When puppies are weened off mama’s milk, they go to a mush.
We use Honest Kitchen’s dehydrated beef mix.
When puppies teeth are coming in nicely, we switch them to this same product (more or less), but in kibble form;
These two products are ALL life stages food.
We encourage you to stick with these foods at least for a while as your pup gets acclimated to its new home.
What about Grain Free? Doesn’t that cause heart problems?
Here’s OUR TAKE on grain free. It could be wrong.
#1) What grains do dogs eat in the wild?
#2) Limited studies have been done with regards to heart disease called canine dilated cardiomyopathy and grain-free diets.
That said, the research out there points to a disruption in the absorption of Taurine (an amino acid needed for muscle development).
Here comes the tricky part. How can a food that’s MISSING something (grain) mess with Taurine?
The simple answer.
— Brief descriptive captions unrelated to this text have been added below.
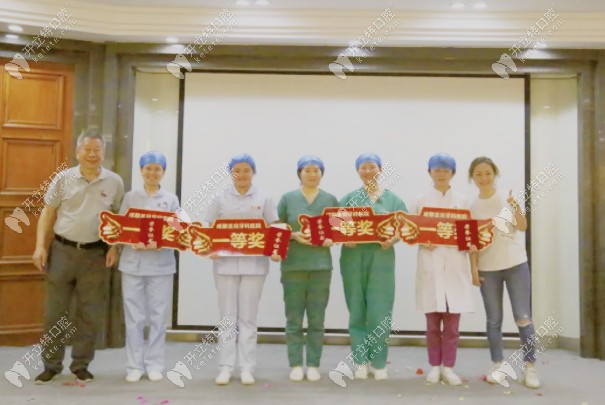 現(xiàn)場(chǎng)頒獎(jiǎng)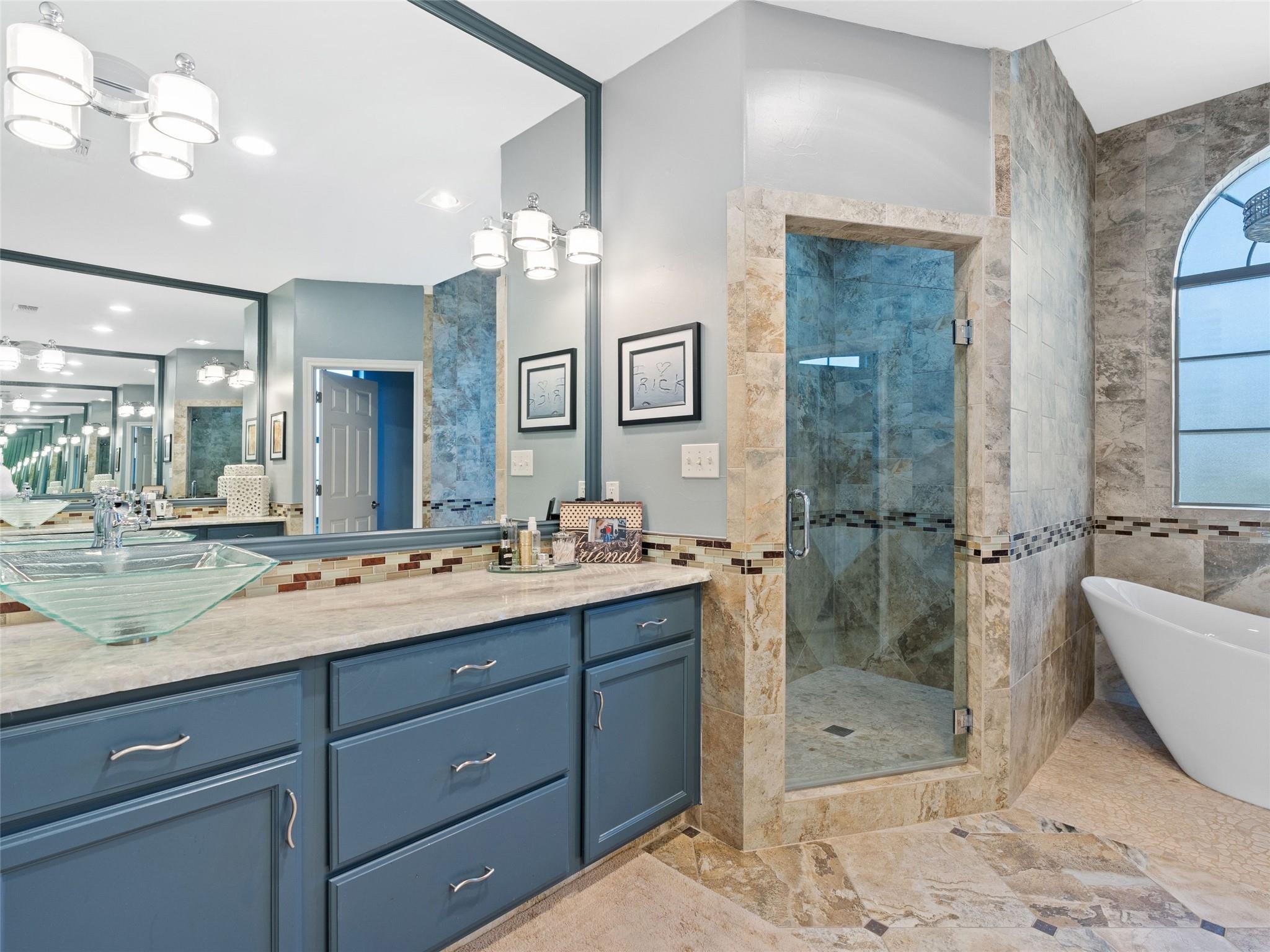 110 Kingsbury, Canyon Lake, TX 78133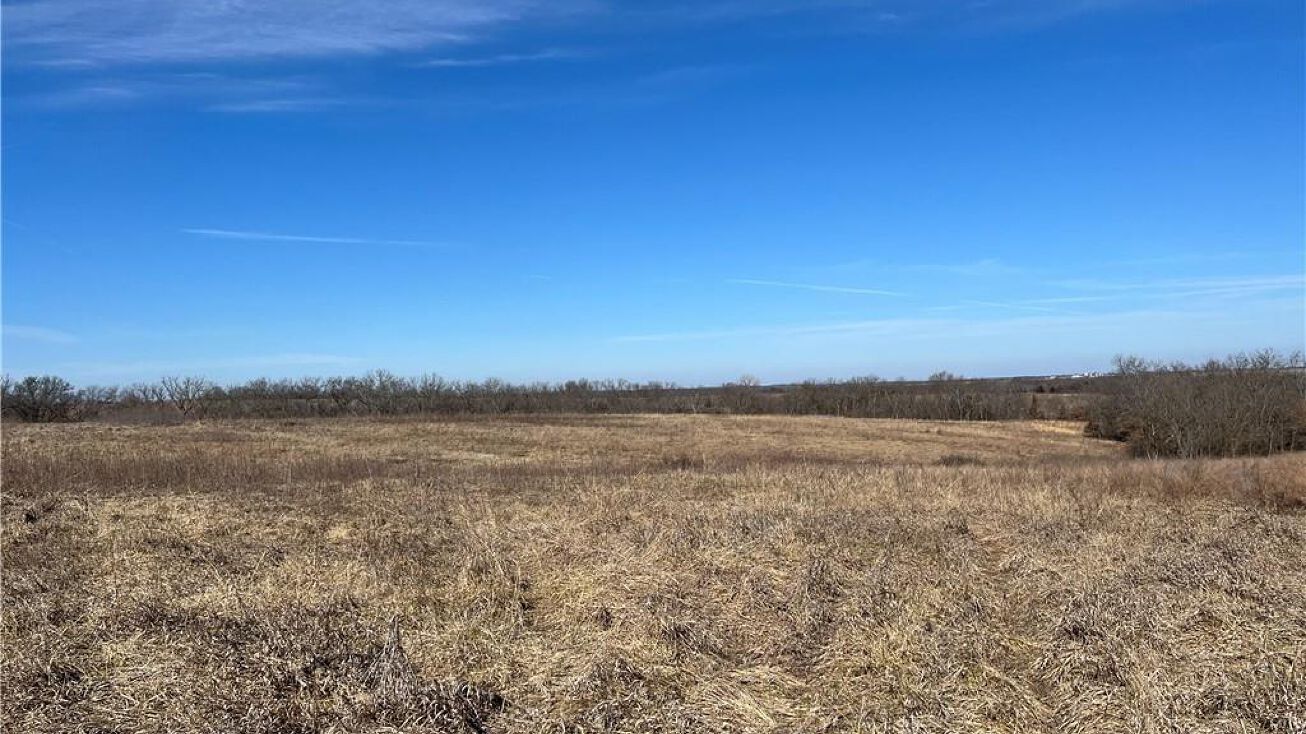 E 245th Place, Ridgeway, MO 64481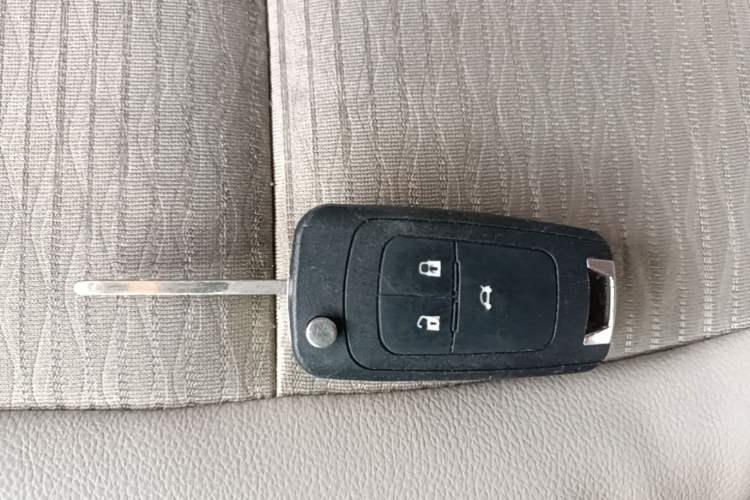Used Buick GT 2016 15N Automatic Elite Edition Vehicle Key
It can’t.
The studies of grain-free diets show that by being grain free, the foods instead showcase non-grains like; peas, lentils, other legumes, and/or potatoes in different forms (for instance, you may see “peas,” “pea protein,” or “potato flour” listed in the ingredients).
So the studies saying grain free foods cause dog heart problems, actually say, dog foods with peas, lentils, legumes and potatoes cause dog heart problems.
Here’s where it gets even trickier.
Go read your dog food labels.
In fact, go try to find a single dog food without one of the offending peas, lentils, legumes, or potatoes in the ingredients.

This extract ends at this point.